Are they journalists?
No. I think of old journalism, Watergate, Edward R. Murrow, and Bob Costas.
Thank you. So, how do you feel your generation is changing the way journalism is done?
I think we're on a minute-to-minute basis. I think we are expecting fast, but not as accurate, journalism. We are expecting information to be constantly updated, constantly gone back to. I think we just expect platforms to be different - Facebook, Twitter, even Instagram - getting all of our news through those mediums first, and then going to websites before even going to print, and print is always the last for us, but Facebook is the first.
That's interesting, because as you know from the election that was the big problem, with 'fake news' right? So what do you see, in your own words, as the pitfalls in getting all your news from Facebook?
I think we get led down rabbit trails of thinking what reality is when it really isn't, and I think a lot of kids in my generation have false realities of what's going on in the world. Because they just take the tag lines and think of that as what news is and they don't take the time to read the stories that are being written. They just look at those eye-catching words and think they know what the story's about.

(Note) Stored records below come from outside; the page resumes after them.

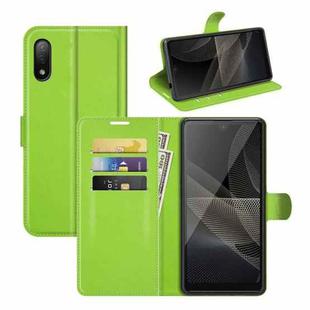 For Sony Xperia Ace II Litchi Texture Horizontal Flip Protective Case with Holder & Card Slots & Wallet(Green)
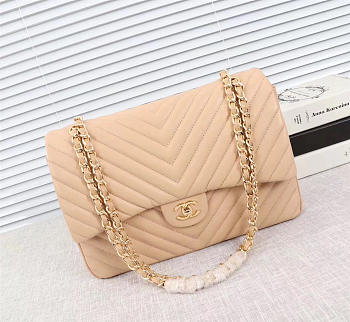 Chanel original lambskin double flap bag Pink 33cm with Gold hardware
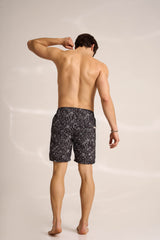 Ανδρικό μαγιό | σε μαύρη βάση με μικρό λευκό λαχούρι σχέδιο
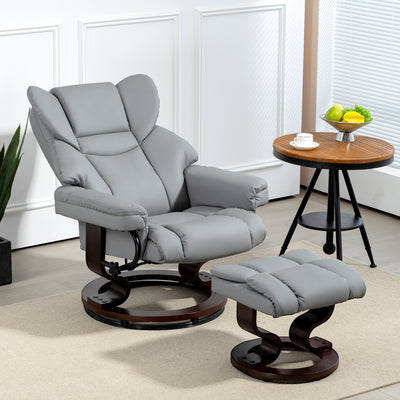 HOMCOM Faux Leather Recliner Chair and Footstool, Swivel Upholstered Armchair and Footstool with Adjustable Backrest, Solid Wood Base for Living Room, Light Grey 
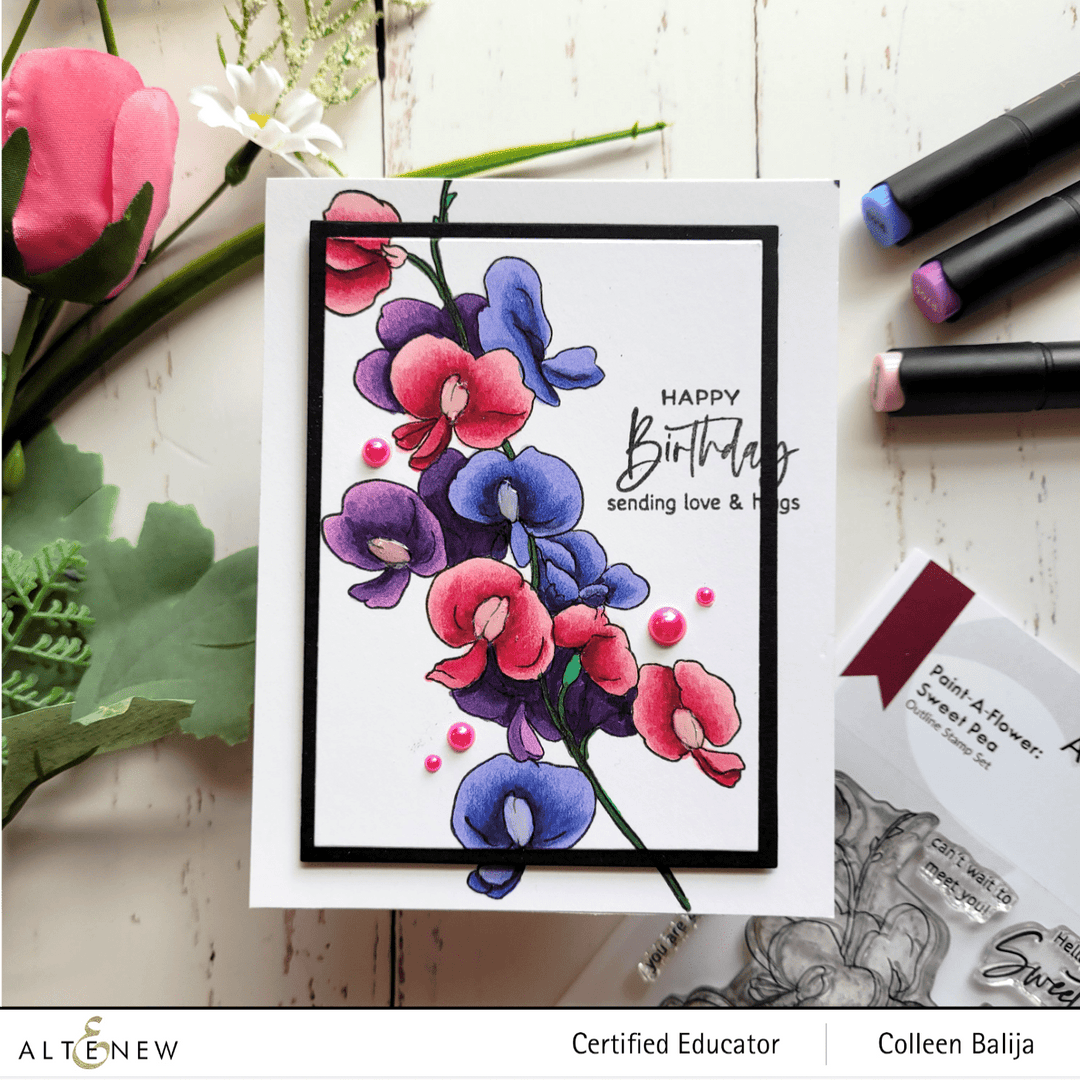 Clear Stamps Paint-A-Flower: Sweet Pea Outline Stamp Set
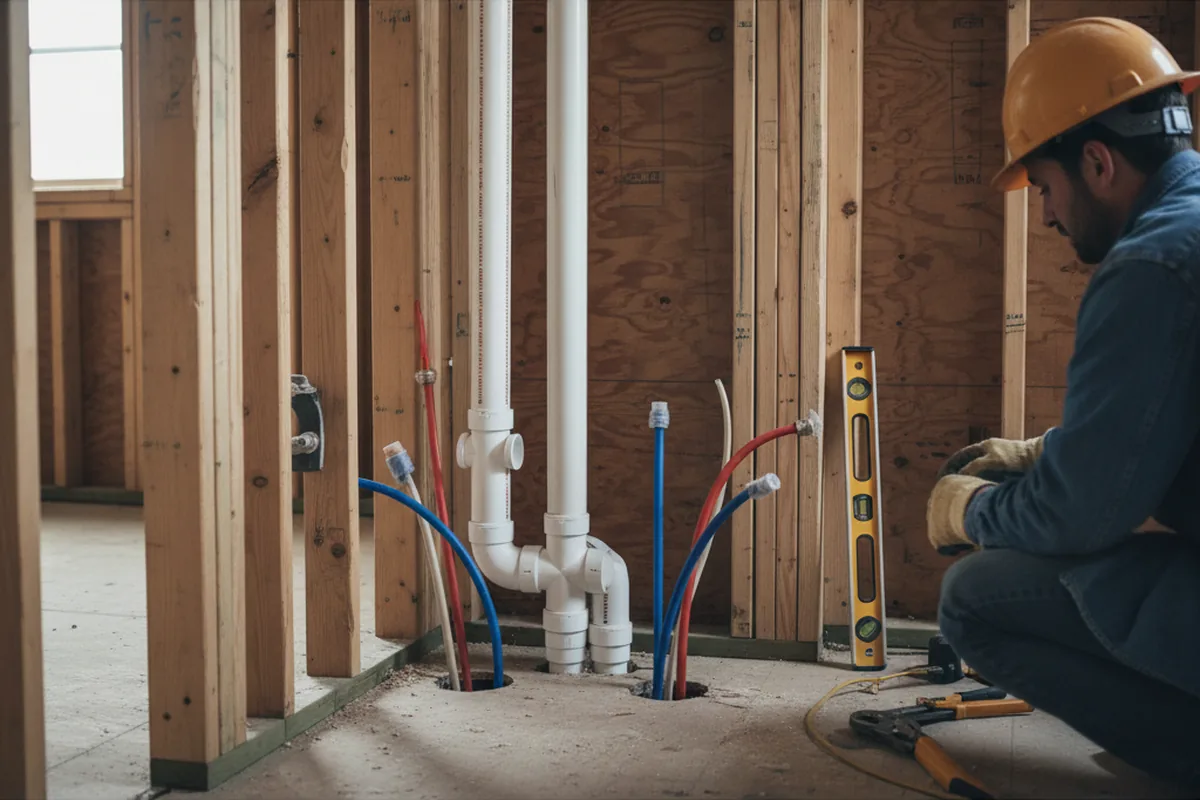 Drain and supply rough-in during Drain Cleaning in Reidsville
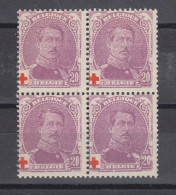 COB 131 ** Neuf Sans Charnière Bloc De 4 - 1914-1915 Red Cross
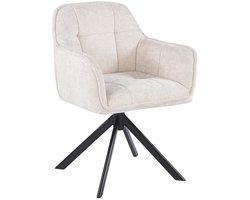 Ams Living® Eetkamerstoel Draaibaar | Kuip Stoel | Dichte afwerking | Stof | Kleur Beige Gebroken Wit | Eettafel Stoelen | Design Stoelen Eettafel
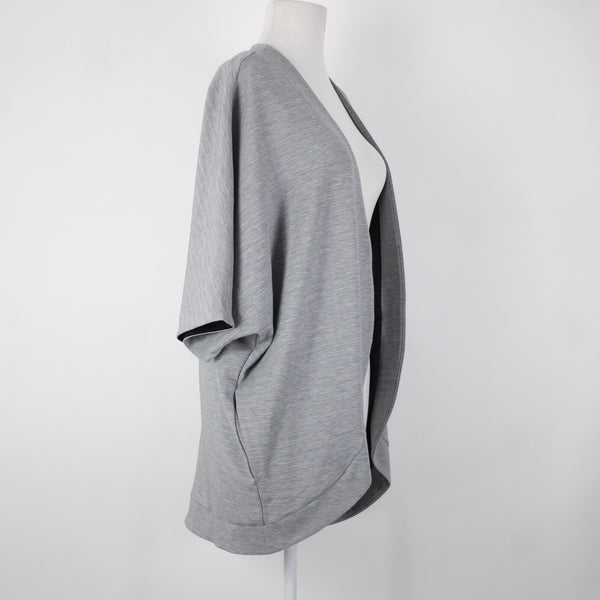 White House Black Market NEW $99 WKND Sz One Size Gray Rayon Poly Wrap Sweater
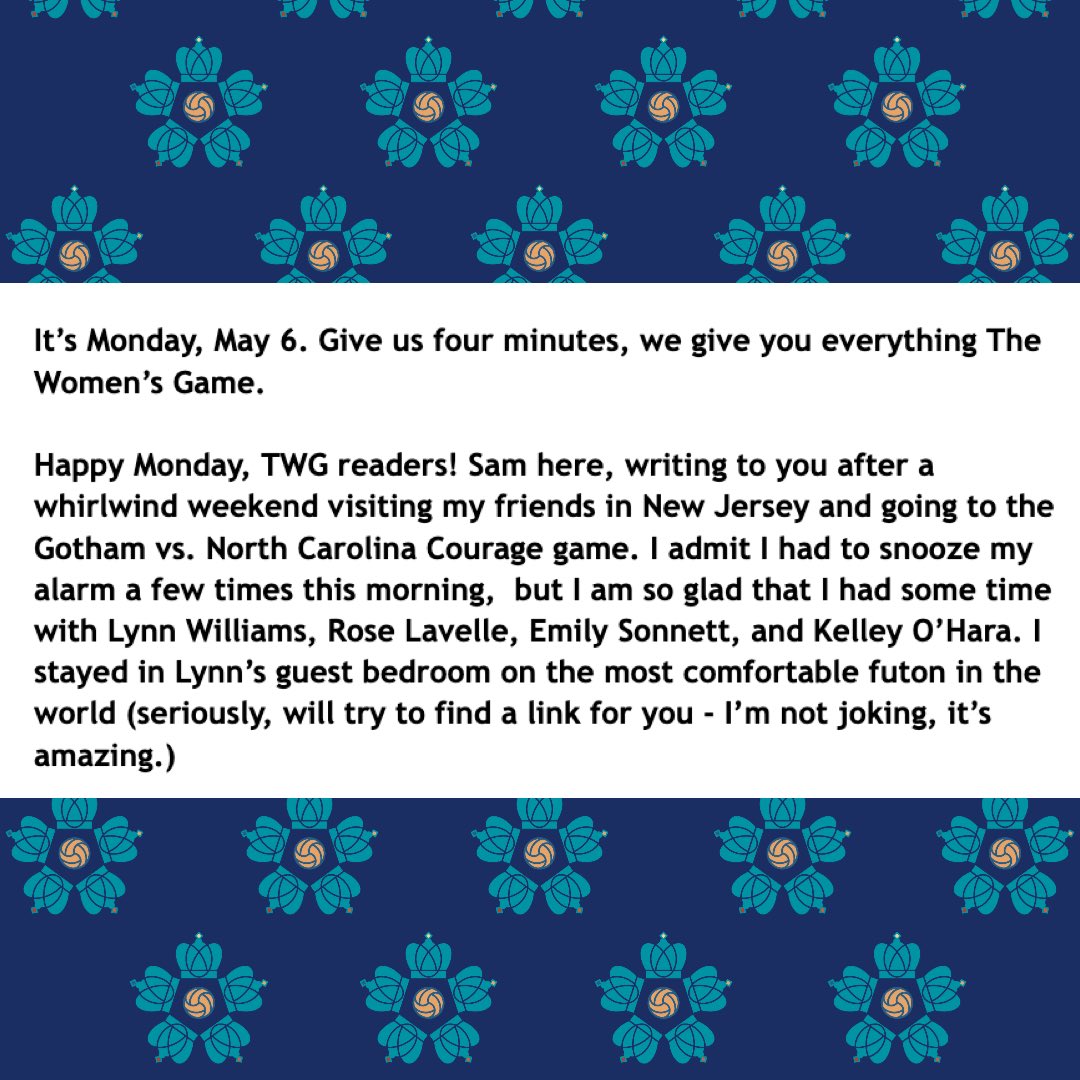 .@sammymewy in today’s newsletter on her busy weekend! ⚽️ @lynnraenie send us the futon! 🛋️ 📰: Stay up to date on all things women's game and subscribe here! the-womens-game.beehiiv.com/subscribe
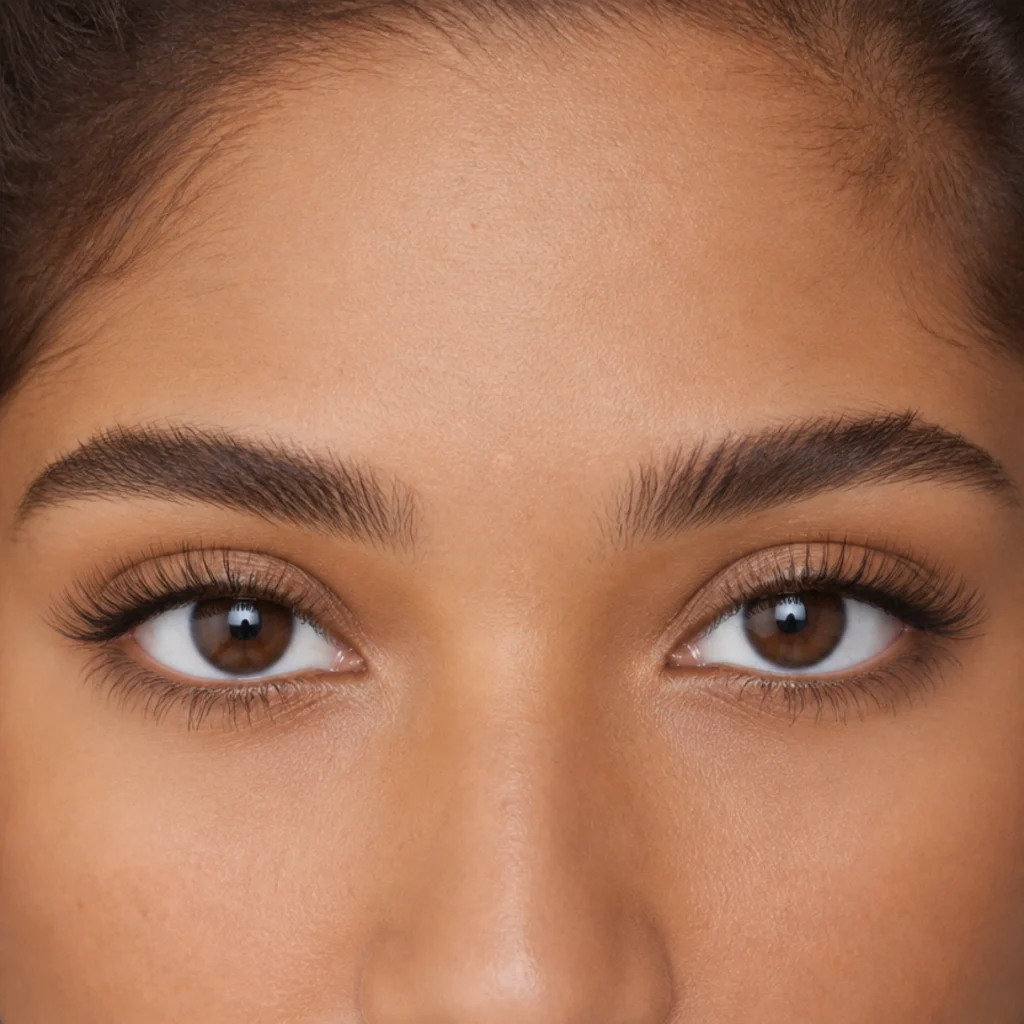 Wide-set eyes with added lash density near the inner corners to visually reduce the spacing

And yet, anybody who meets you is obviously impressed with you - you're so well-spoken and intelligent, it seems you and others like you would say, 'Well I realize my generation is sacrificing accuracy for the sake of speed but I also want accuracy.' So how do you push back a little bit and say, 'We also need to incorporate Old School journalism standards?'
For me, I always go to the source. And I think I just look at news as something to be respected, and it's important for us, when I interact with my friends to enlighten them. (laughs) I don't want to think I'm above them, but in terms of my profession now that I'm going towards journalism, to know the importance of letting people know and helping people be aware of what platforms are reliable, and I try to put down my phone and push myself away from social media and give myself breaks so I spend more time interacting with paper and websites.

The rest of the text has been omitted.